Le remorqueur le plus puissant du monde, basé à Brest, est entré en service en avril 2005. En dix ans, il a effectué une centaine d’interventions en haute mer.
En veille 24h sur 24, l’Abeille Bourbon est amarrée quai Malbert, au port de commerce de Brest. Dès que les prévisions météo se dégradent, le remorqueur appareille pour se positionner sous le vent d’Ouessant. Au large de la pointe Bretagne se trouve en effet l’une des routes maritimes les plus fréquentées au monde, empruntée chaque jour par plus de 200 navires chargés de toutes sortes de cargaisons dangereuses : produits chimiques, pétrole, hydrocarbures… Le naufrage du pétrolier l’Amoco Cadiz sur les rochers de Portsall, le 16 mars 1978, avait provoqué une gigantesque marée noire et convaincu les autorités maritimes de se doter de moyens appropriés pour faire face à la survenue de telles catastrophes.

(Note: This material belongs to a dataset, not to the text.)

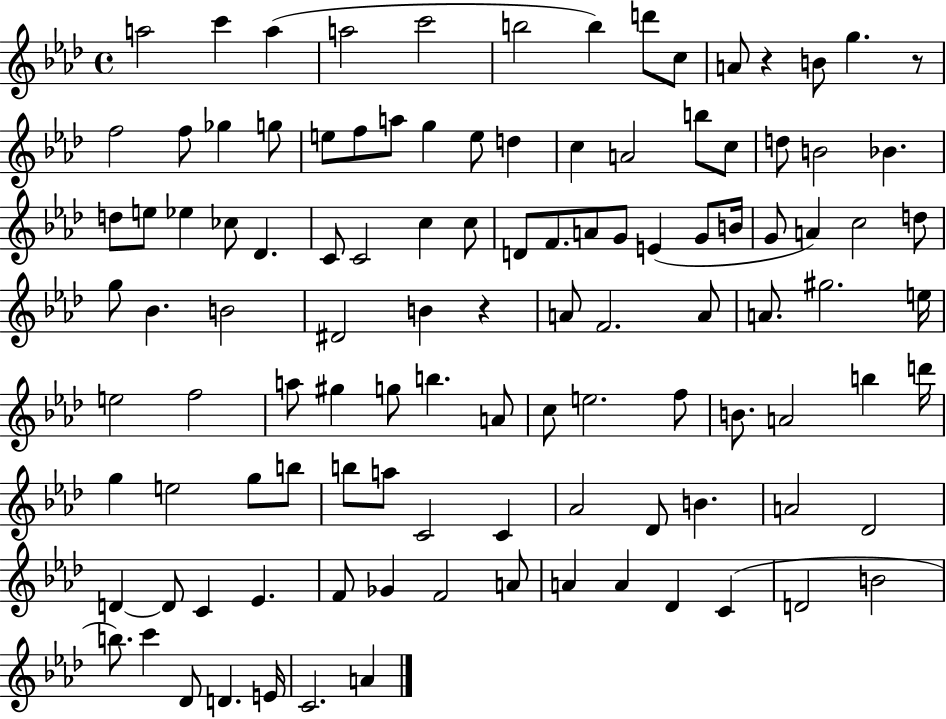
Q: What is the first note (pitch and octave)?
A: A5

Après l’Abeille Flandre, qui évita le pire lors du naufrage de l’Erika en remorquant le navire au large, il fut décidé de construire un remorqueur encore plus puissant. L’écrivain de marine Hervé Hamon, qui avait, de nombreuses fois, partagé la vie des marins de l’Abeille Flandre, assista à la naissance de l’Abeille Bourbon. « La coque a été construite en Pologne aux chantiers navals de Gdansk, puis remorquée en Norvège où le navire a été équipé, se souvient-il. Le moment le plus impressionnant, c’est lorsque les techniciens ont descendu les moteurs, des machines gigantesques. »
La « Rolls des mers »
À juste titre, l’Abeille Bourbon est surnommée la « Rolls des mers ». Elle a une puissance de moteurs de quatre fois 5 435 chevaux, ce qui en fait le remorqueur le plus puissant du monde. Lors de la construction, le chantier en Norvège avait pris un peu de retard. C'est pourquoi, en avril 2005 le navire appareille par force 8 afin d’être à l’heure à Brest pour son baptême officiel, sa marraine étant Bernadette Chirac. Hervé Hamon fait partie de ce voyage inaugural. « La première nuit, ça cognait énormément, les ballasts n’étaient pas équilibrés et les alarmes se déclenchaient sans arrêt. » Puis tout est rentré dans l’ordre et le navire a été accueilli quai Malbert par la foule des grands jours. Depuis, l’Abeille Bourbon a effectué 109 interventions en haute mer avec 48 remorquages, 55 escortes à bon port de navires en difficulté et 6 opérations à risque, notamment le sauvetage de l’YM Uranus et le transbordement de 6 300 tonnes de produits chimiques qui menaçaient de se déverser dans la mer. Prêt à intervenir en moins de 20 minutes, le bateau fait office de baromètre pour les habitants de Brest. Tant qu’'il reste à quai, c’est l’assurance que le temps est beau et la mer belle.